Cette dernière est populaire : 3 Français sur 4 y sont favorables. Elle est aussi populiste. En témoigne que, pour une immense part des personnes interrogées, elle permettrait une diminution de la dépense publique, qui n’est pas du tout certaine. Mais cette réforme a une vertu potentielle : l’amélioration des débats au sein des assemblées car moins de parlementaires pourraient se traduire par moins d’amendements dilatoires, moins de débats stériles. Sous la législature précédente, en moyenne 443 amendements ont été déposés par loi adoptée (hors loi autorisant la ratification de traités). Qu’il soit nécessaire d’améliorer le travail parlementaire est une certitude ; mais réduire le nombre de parlementaires pour y parvenir est une double erreur. 

La première est que cette réforme éloignera les députés de leurs électeurs.  On passera de 577 députés élus dans des circonscriptions découpées spécialement à 335 élus de cette manière, auxquels s’ajouteront 8 députés représentant les Français de l’étranger et 61 autres élus à la propositionnelle sur des listes nationales. Cela aboutirait, mathématiquement, à ce que les circonscriptions seraient presque 50 % plus grandes que les actuelles. En quoi cette réforme pourrait-elle être un remède au sentiment qu’ont, à tort ou à raison, les Françaises et les Français d’être mal représentés ? Cette mesure est même contradictoire avec l’introduction d’une dose de proportionnelle censée apporter une meilleure représentativité de la diversité de la société française à l’Assemblée.

Moins bonne représentation des Français

Les députés qui parcourront des circonscriptions plus grandes auront moins de temps à consacrer aux citoyens. On dira qu’ils rempliront mieux leur rôle d’élus nationaux. Mais c’est faire fi du rôle de médiateur que remplissent les députés au quotidien et qui ne disparaîtra pas avec cette réforme car il est tout à la fois un souhait des citoyens et une condition de la réélection. C’est aussi oublier que les parlementaires ont une mission de représentation. Comme le notait le juriste anglais William Blackstone au XVIIIe siècle, le député n’est pas tenu de consulter ses électeurs avant de prendre une position, mais il lui était loisible de le faire s’il juge « prudent ou convenable d’agir ainsi ». Aujourd’hui, de plus en plus de députés organisent des consultations citoyennes leur permettant de tâter le pouls de la population, de recueillir son avis sur des textes en discussion. Comment croire que tout cela sera encore possible si les circonscriptions augmentent dans de telles proportions ?

Redécoupage inégal des circonscriptions

La diminution du nombre de députés est une erreur pour une seconde raison : elle va entraîner un redécoupage des circonscriptions qui ne peut qu’augmenter les disparités de représentation des citoyens, selon leur lieu d’habitation alors que les citoyens sont très attachés au principe d’égalité. Le Conseil constitutionnel considère que ce découpage doit reposer « sur des bases essentiellement démographiques », ce qui lui assure un caractère démocratique. 

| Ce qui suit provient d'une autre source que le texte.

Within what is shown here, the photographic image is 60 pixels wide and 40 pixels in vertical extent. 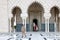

Déjà, le mécanisme actuel ne respecte pas pleinement l’idéal démocratique que les Anglo-Saxons dénomment en utilisant la formule « one man, one vote, one value ».  La France compte 67 millions d’habitants . Une simple règle mathématique devrait donc aboutir à ce que chaque circonscription rassemble 116.000 habitants, ce qui n’est pas le cas. En effet, certains ajustements sont parfois nécessaires pour favoriser « la création d’une identité communautaire » (Albert Mabileau). Ainsi, la Lozère, avec ses 77.000 habitants, ne comporte qu’une seule circonscription bien moins peuplée que la moyenne nationale. Or, la réforme envisagée, pour des raisons de représentation des différents territoires de la République qui peuvent être jugées légitimes, n’envisage pas qu’un département puisse « partager » un député avec un autre département voisin. Ainsi il y aura toujours un député élu en Lozère quand la moyenne voudrait que désormais chaque circonscription rassemble 195.000 habitants. Bref, un habitant de Lozère serait 3 fois mieux représenté que les autres et un habitant de Saint-Pierre-et-Miquelon 33 fois mieux (contre respectivement 1,5 et 19 fois mieux aujourd’hui) !

Comment ne pas ressentir là d’injustice ? Comment la réduction du nombre de députés pourrait-elle, dans ces conditions, prétendre participer à la résolution de la crise de la représentation et à la restauration de la confiance entre les citoyens et les élus, entre les citoyens et la politique ? Ne reste finalement que la popularité de cette mesure qu’une meilleure information des citoyens pourrait balayer.